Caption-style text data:
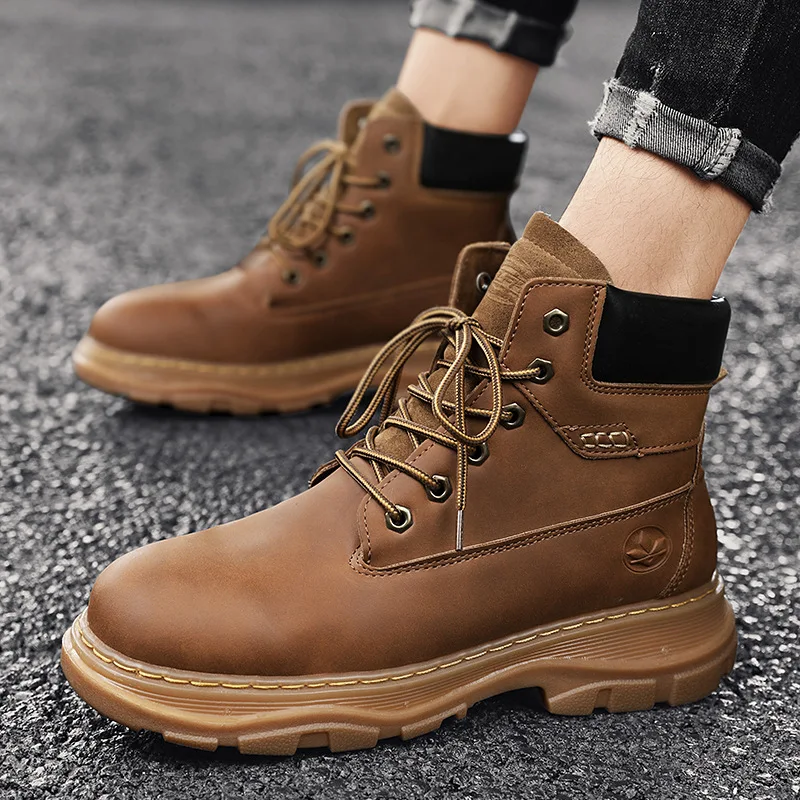 

Classic Tough Guy Rhubarb Boots Lace Up Mid-tube Autumn Winter Men Martin Leather Boots Outdoor All-match High-top Men Boots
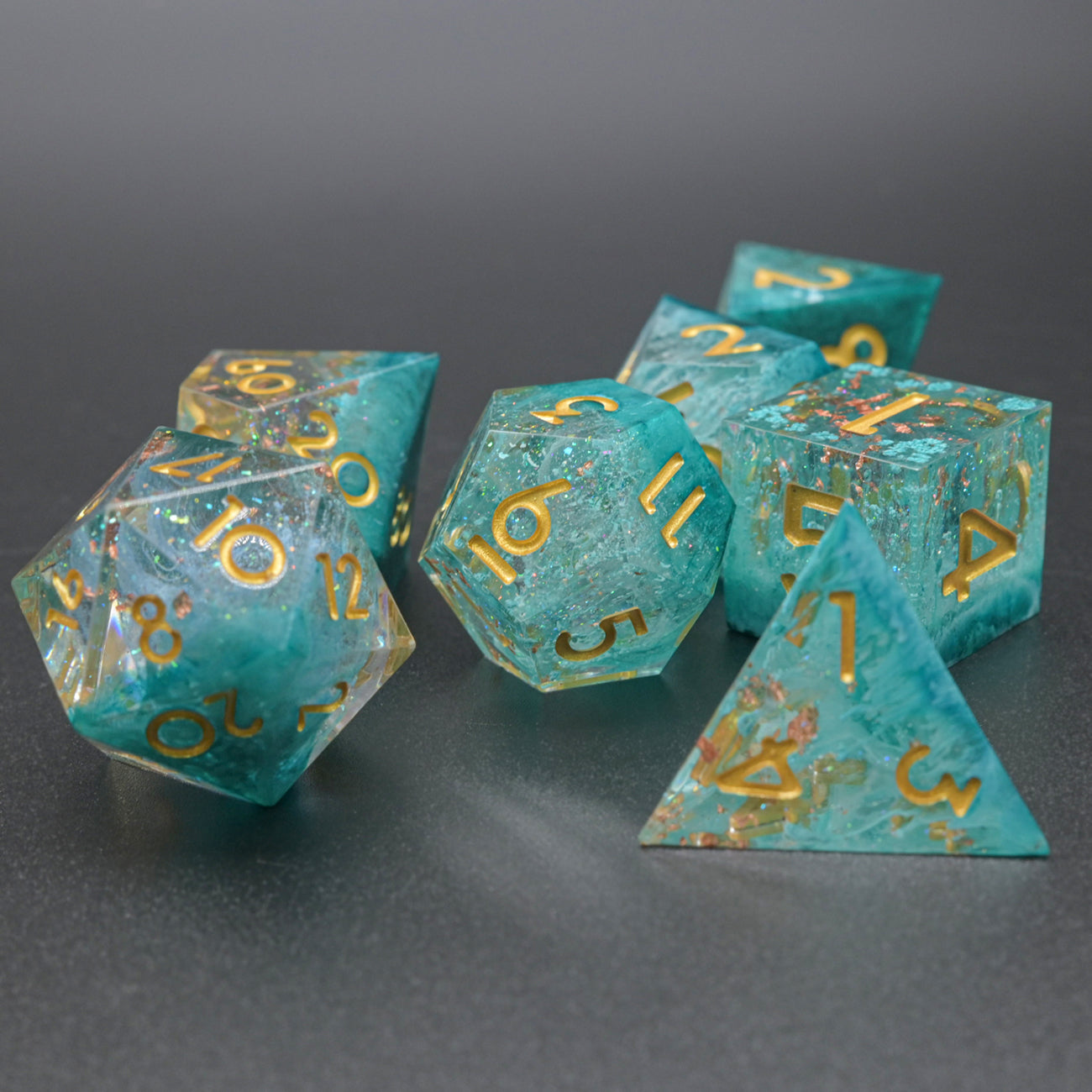 D&D Dice Set Sharp Edge - Sythetic Turquoise (Gold)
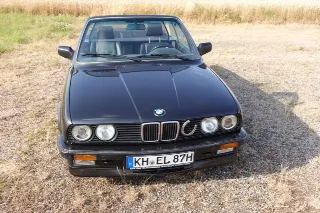 Foto 3 di 8: BMW 320i Cabriolet | 1987 | Route 66 Auctions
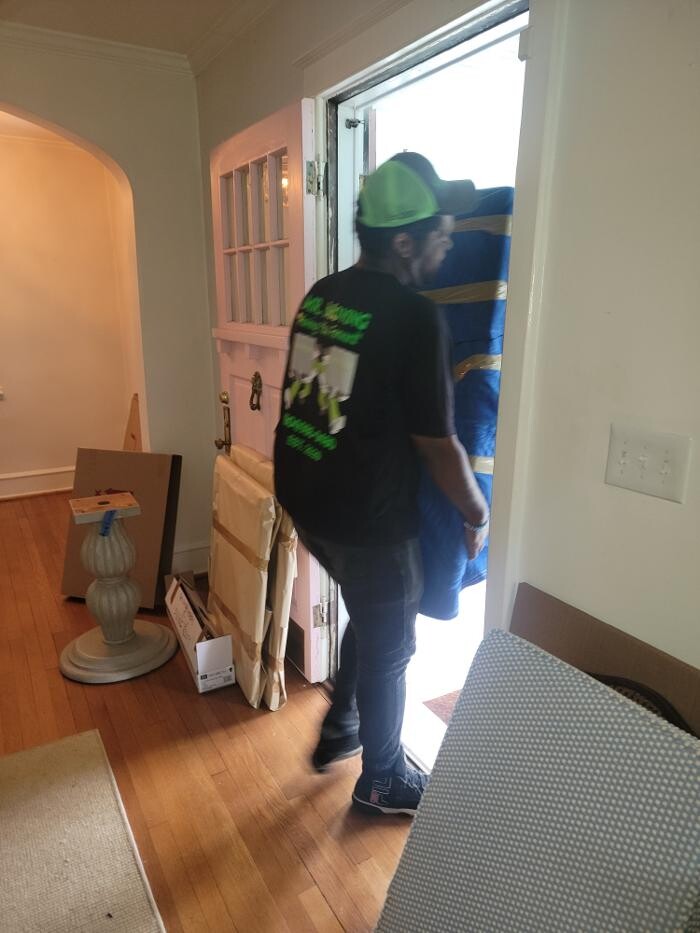 Images MR. MOVING LLC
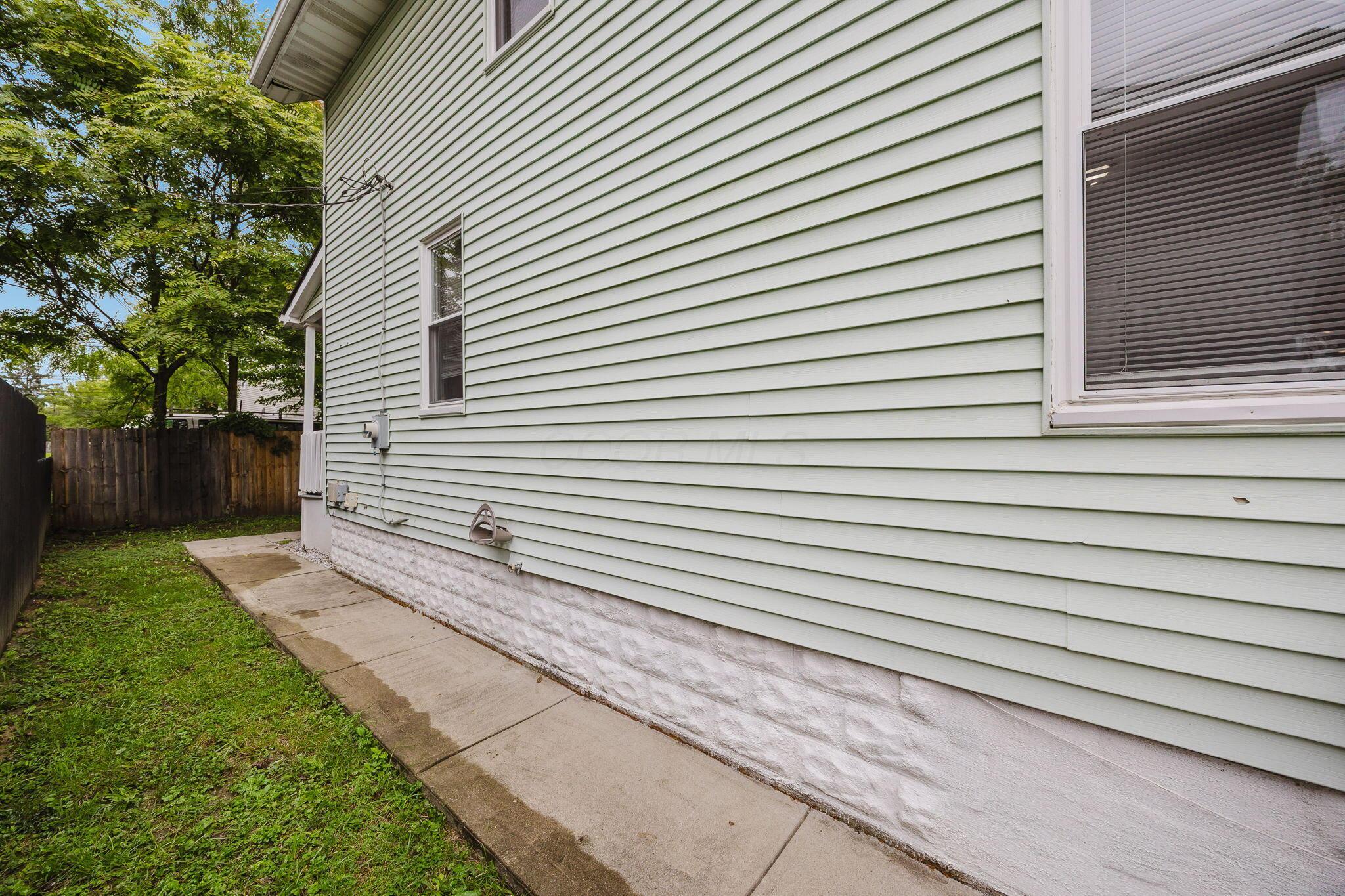 1008 E Whittier Street Property Photo 38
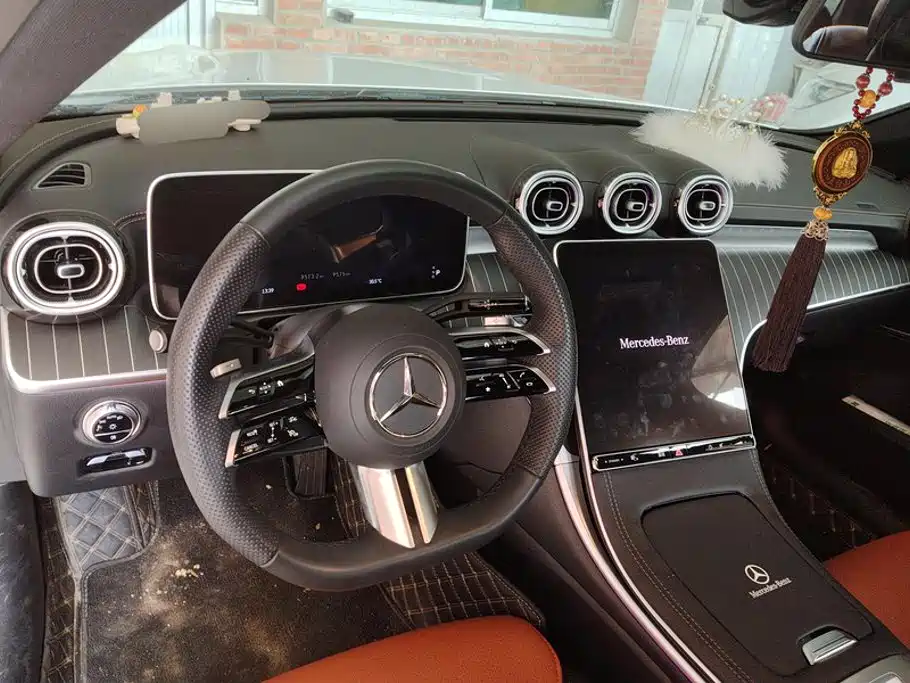 Mercedes-Benz C-Class — миниатюра 12
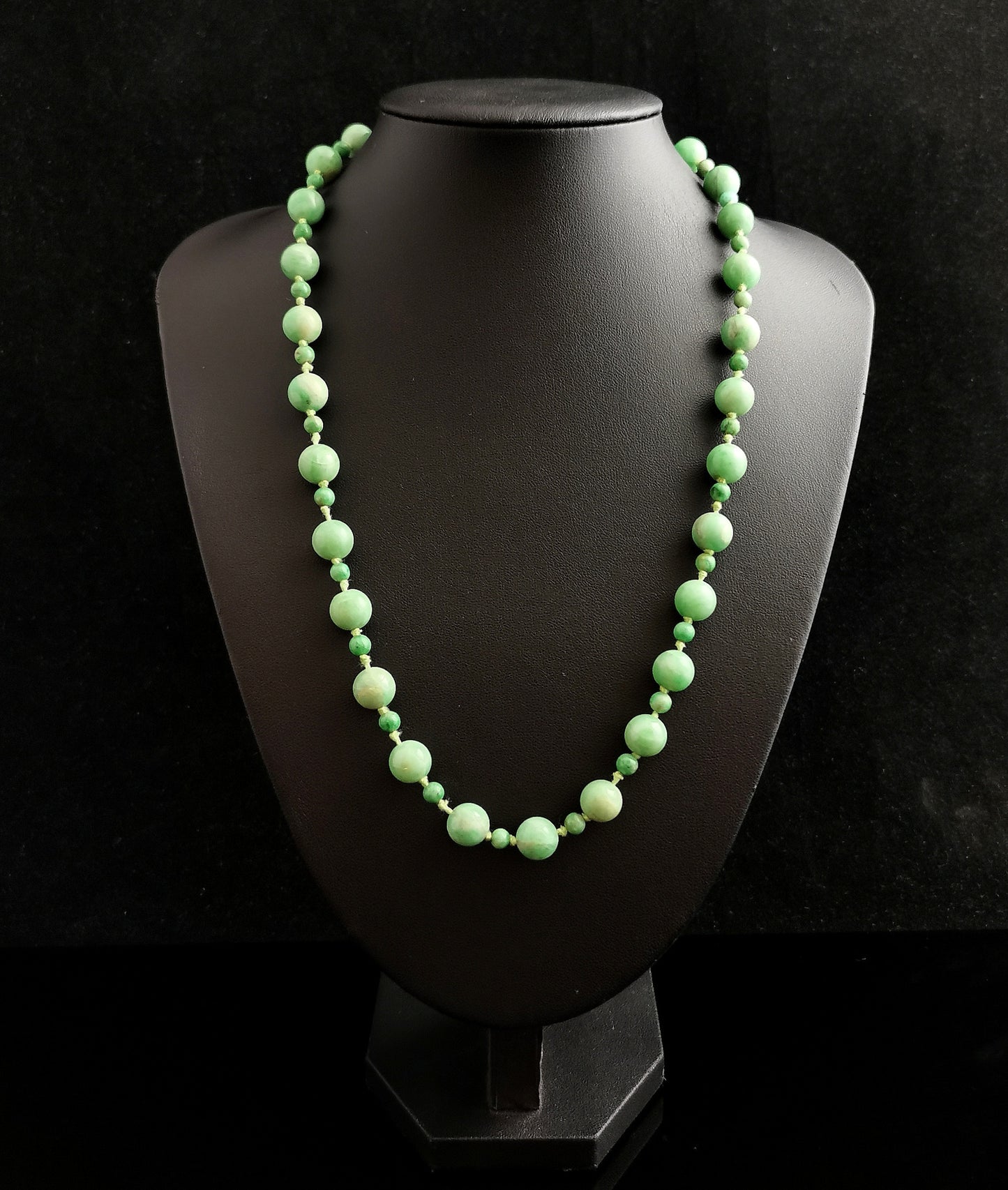 Antique jade bead necklace, Art Deco, c1910s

> [What you need to do]: The records above are to be quoted exactly, with all pictures left out.

> [Answer box]:
Classic Tough Guy Rhubarb Boots Lace Up Mid-tube Autumn Winter Men Martin Leather Boots Outdoor All-match High-top Men Boots
 D&D Dice Set Sharp Edge - Sythetic Turquoise (Gold)
 Foto 3 di 8: BMW 320i Cabriolet | 1987 | Route 66 Auctions
 Images MR. MOVING LLC
 1008 E Whittier Street Property Photo 38
 Mercedes-Benz C-Class — миниатюра 12
 Antique jade bead necklace, Art Deco, c1910s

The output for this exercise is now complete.